YOUR TASK :: The copy should begin at the line containing "Cà vạt trơn giá lẻ 15k" and end at the last line of the material. Please reproduce those lines exactly and keep pictures out.

DATA BLOCK ::
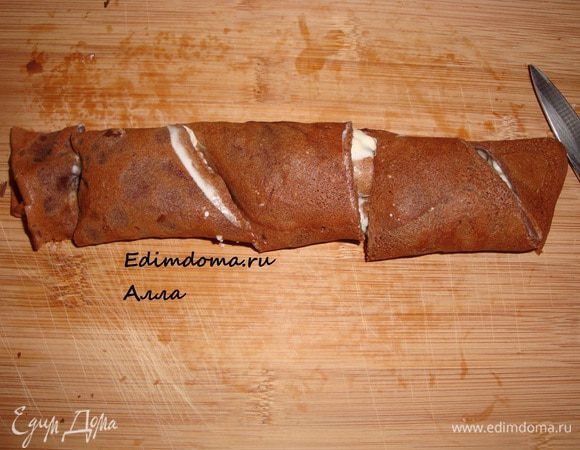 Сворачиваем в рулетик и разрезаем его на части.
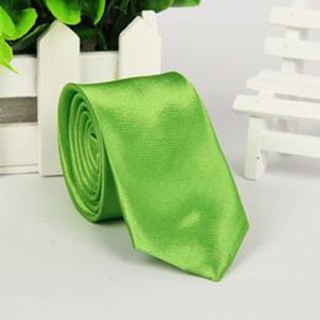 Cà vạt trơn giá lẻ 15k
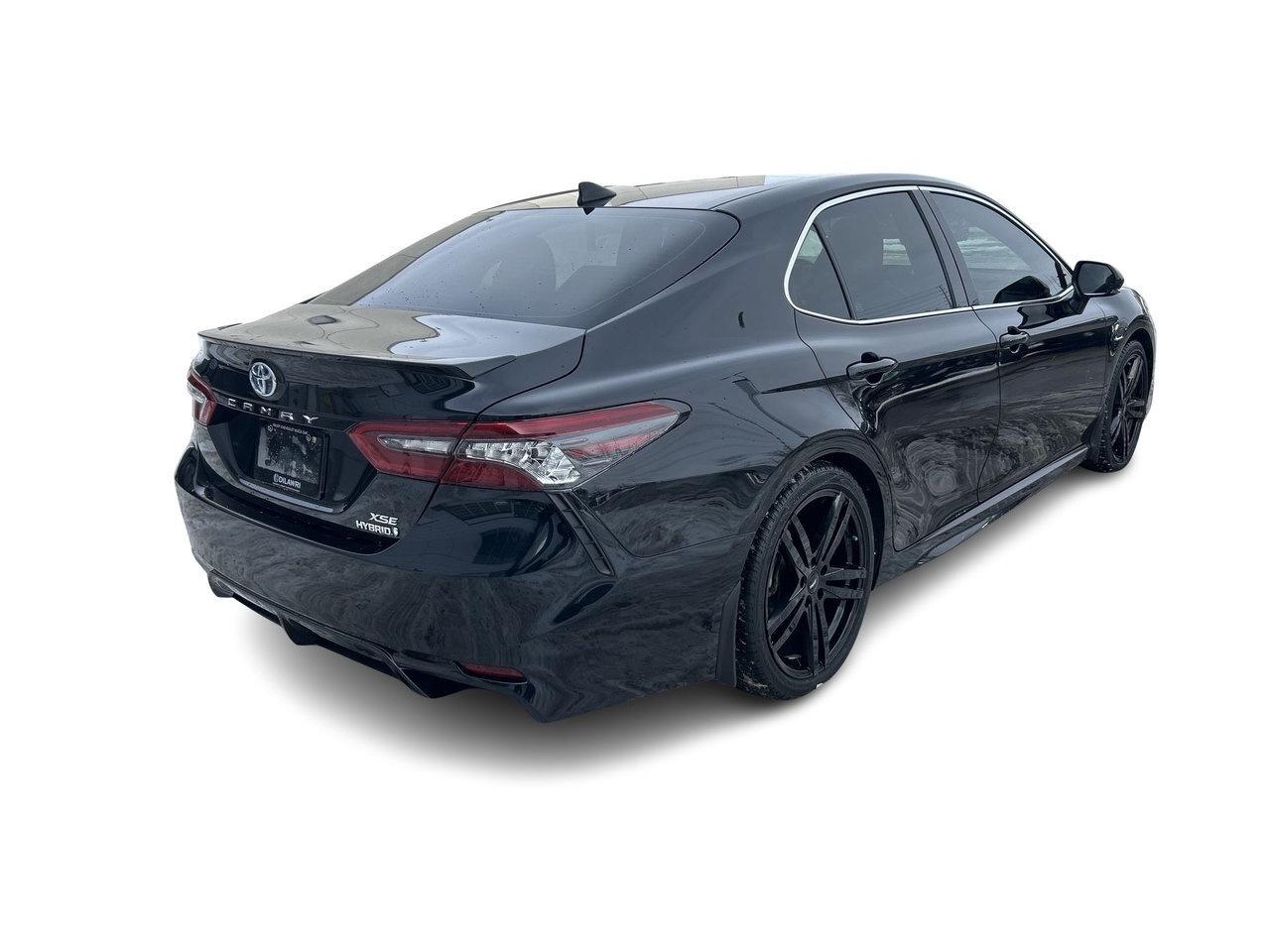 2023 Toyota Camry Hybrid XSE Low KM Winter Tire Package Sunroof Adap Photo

SOLUTION ::
 Cà vạt trơn giá lẻ 15k
 2023 Toyota Camry Hybrid XSE Low KM Winter Tire Package Sunroof Adap Photo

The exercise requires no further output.